The Idea: Many of today’s most compelling companies don’t just sell products, they create emotionally connected relationships with their customers. These exceptional brands do two things very well: they design radically empathetic products or foster truly transparent relationships with their customers. They are also adept at uncovering and solving problems customers may not even be aware of yet. Everyone wants to be respected and admired, yet there is deep value in likeability.

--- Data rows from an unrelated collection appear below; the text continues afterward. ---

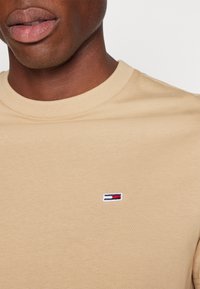 Béžové bavlněné tričko s kulatým výstřihem a krátkými rukávy, na hrudi s malým vyšitým logem v modré, bílé a červené barvě.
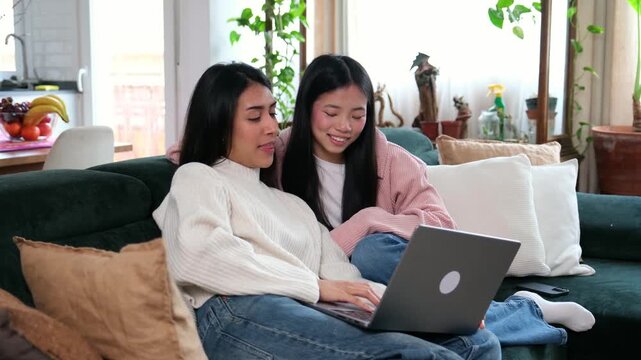 Two happy girlfriends using a laptop for online shopping while sitting on a couch at home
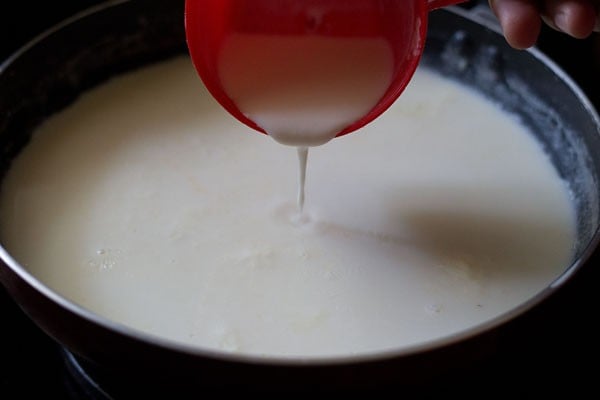 adding starch slurry to kulfi ice cream mixture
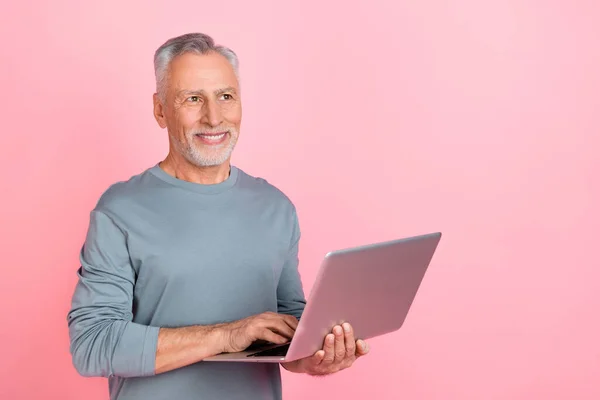 Foto do pensativo homem sonhador pensionista vestido camisa cinza segurando dispositivo moderno espaço vazio isolado cor de fundo rosa — Fotografia de Stock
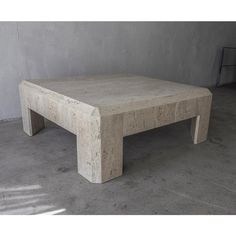 a concrete coffee table sitting on top of a cement floor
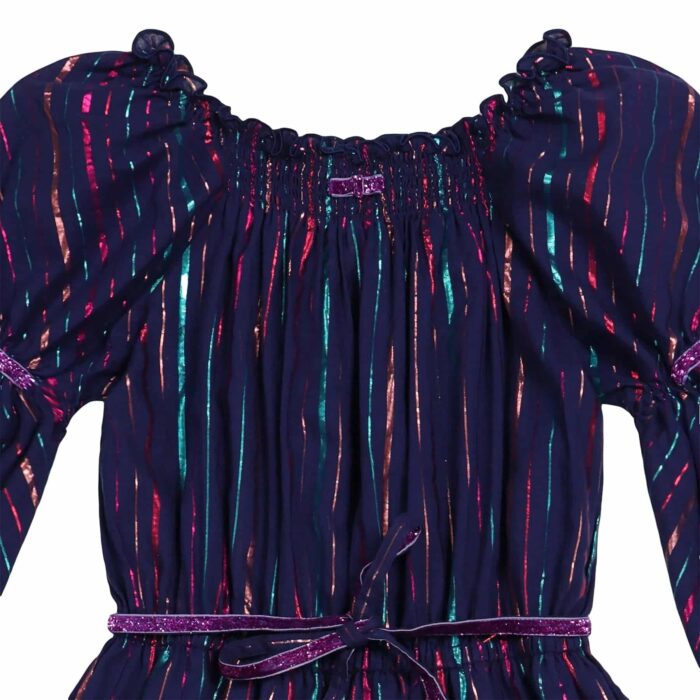 Long evening dress for little girls in indigo blue cotton with fine stripes multicolored sequins pink, green, purple. Smocked collar and long puffed sleeves with elastic cuffs. Ruffles at the bottom of the dress. Purple sequin ribbon details at the bottom of the dress. Purple belt with removable sequins, elastic waist. Fashion brand for children LA FAUTE A VOLTAIRE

Companies that are invested in customer intimacy are often described as “likeable” organizations. The difficulty arises when we seek to fabricate likeability, rather than invest in deeply healthy leaders and habits. As management consultant Steve Tobak pointed out in a recent Entrepreneur article, “the problem with likability as a goal or metric is that it’s highly subjective: one person’s jerk is another person’s loving spouse, best friend or great boss. It’s also highly situational: everyone is a jerk some of the time, depending on the situation and how they’re treated by others.” Likeability may be innately personal, but everyone knows it when they see it. It’s the outflow of high Emotional Intelligence that includes self-awareness, empathy, humility, and reliability.

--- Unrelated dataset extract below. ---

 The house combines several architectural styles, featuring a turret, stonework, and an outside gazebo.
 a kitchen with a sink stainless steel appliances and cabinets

Individuals may not always win by being respected, but they will almost certainly lose if they are not likeable. Black Swan, a negotiation-training agency, says people are six times more likely to do business with someone they like. Likeability is a compelling characteristic that creates team cohesion and guides talent and new customers. How often have you seen leaders removed from their senior assignment because others can’t stand to be in their presence? Whether it’s a self-awareness problem or a lack of humility, the distrust of bad leaders permeates too many organizations. One may have short-term success being unlikeable but rarely long term.
A house built on sand…
Want to be an even more likeable company? Try fixing things. Lee Resources conducted a study and discovered that organizations that resolve a complaint in the customer’s favor create an emotional bond; the consumer is 70 percent more likely to do business again with that firm. In a world that rarely delivers on a promise, dependability is irresistible.

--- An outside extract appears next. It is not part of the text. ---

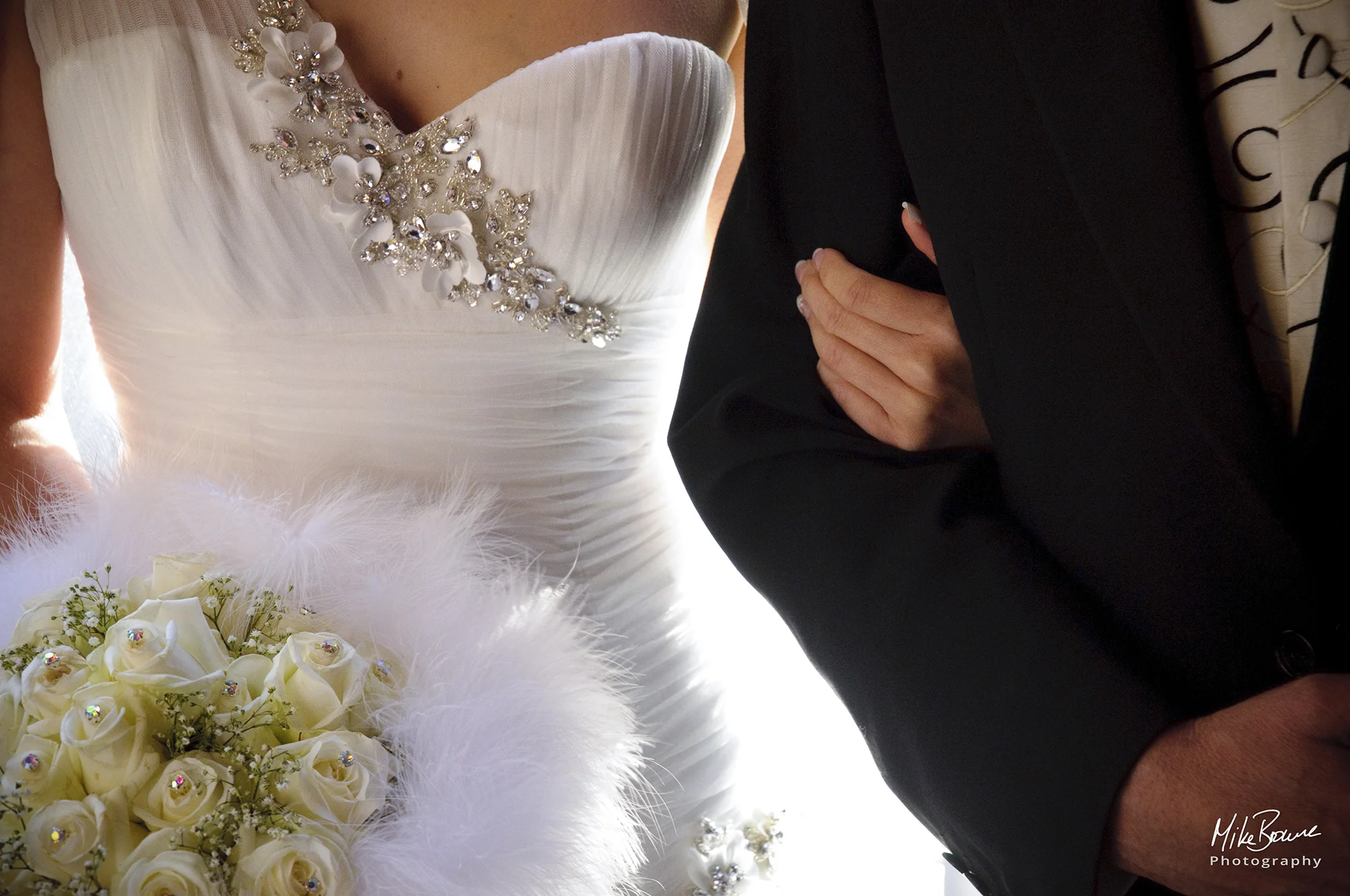 Details of a bride\'s dress and flowers as she holds her father\'s arm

Do you want to be a respected and likeable leader? Honestly pursue (and listen to) personal feedback. Research by Jack Zenger and Joseph Folkman found that “leaders who ask for feedback are better liked and more effective than those who don’t.” Similarly, the research uncovered that only one in 2,000 “unlikeable leaders” are thought to be effective leaders. The traits that greatly increased one’s likability include:
- Having positive emotional connections with others, high integrity, high trust, and cooperation.
- Being inspirational and a strong communicator, sharing vision, inspiring confidence.
- Asking for feedback and being willing to personally look in the mirror and change.
Instead of focusing only on likeability, focus on listening, serving, and empathizing.
Does your team express these traits? Or are you imbuing distrust, bad listening, and selfishness into your products?